Sunday, March 28, 2021

Getting Ready To See Christ

I was listening to a sermon recently on such parables as the Ten Virgins and the assortment of parables, with variations, about the master away on a trip and his servants managing his wealth till he gets back. The preacher was a young man, probably still in his thirties. As usual, a key interpretation/application was, to put it as a question, are you getting ready for Jesus' return? Which is fine, of course. Always a worthy question to pose. Yet as I sat there listening the thought came to me, "This is a young man's sermon. To older people the actually vivid and immediate question is how ready we are, not for Jesus' return, but for our departure. Which then makes the point moot." 

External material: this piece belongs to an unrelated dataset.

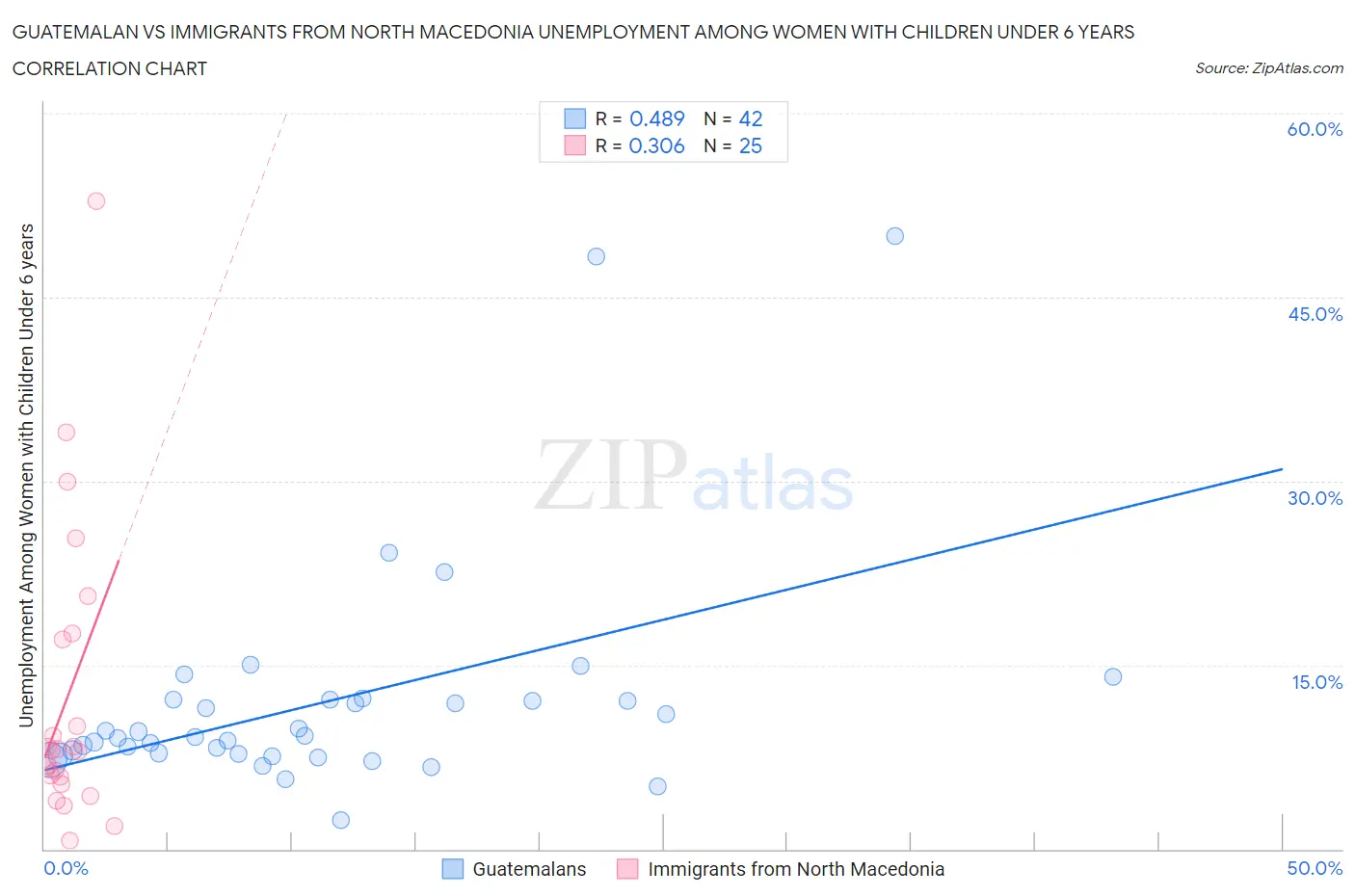 Guatemalan vs Immigrants from North Macedonia Unemployment Among Women with Children Under 6 years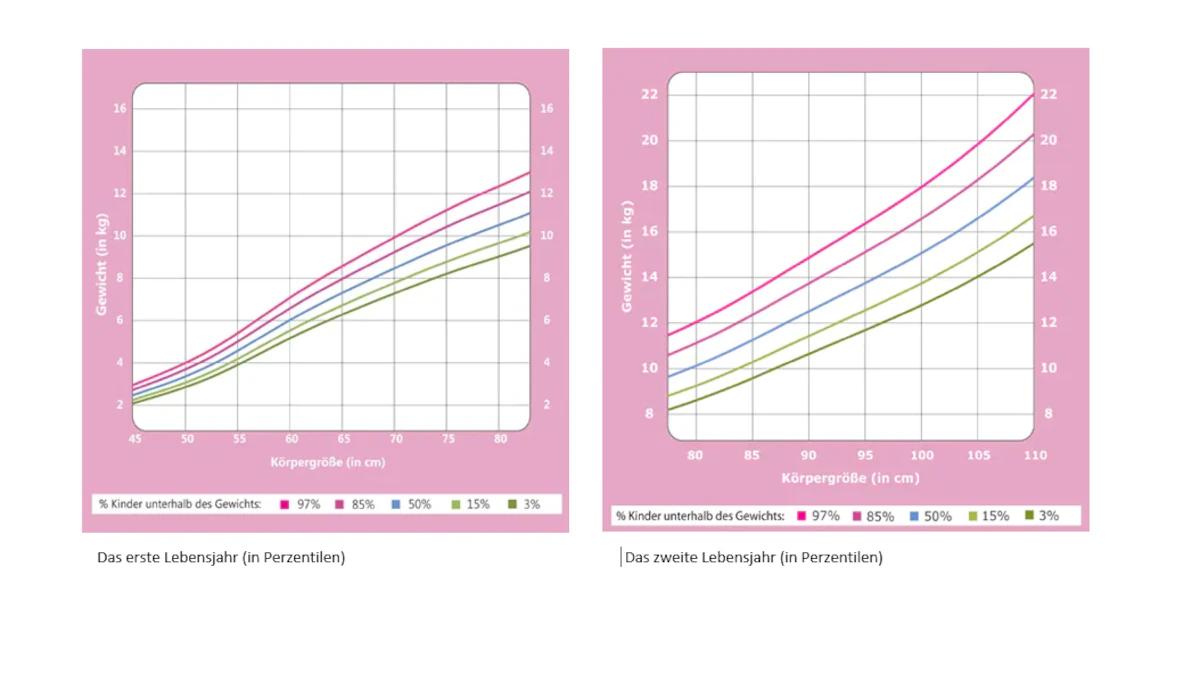 durchschnittsgröße mädchen geburt - Wie gross sind die meisten Mädchen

Yes, we must be ready for the Lord's return at any moment. But if you are willing to accord statistical probabilities even a bit of weight, then going by the fact that, so far, 100% of Christians who have died in all history since the Lord's resurrection have in fact died in advance of His return, the odds are somewhat slanted in favor of your going to see Him before He comes here to see you. At which point, of course, eschatology--at least of the speculative sort--is no longer a meaningful endeavor. Eternity is soooooo much more mind-blowing and awesome than eschatology. And so much...closer.

A good friend wrote me in response to the reflections above: "There is the question, Are we ready for the Lord's return, and there's the question, Are we ready to depart? Is the key question, Are we ready?"

I replied: "Yes! I think for many young people that question is enfolded in a big 'IF', as in 'If the Lord returns soon.' For us older people the 'if' becomes less and less relevant, because, regardless, we sense vividly that our Appointment with Him is around the corner, anyway."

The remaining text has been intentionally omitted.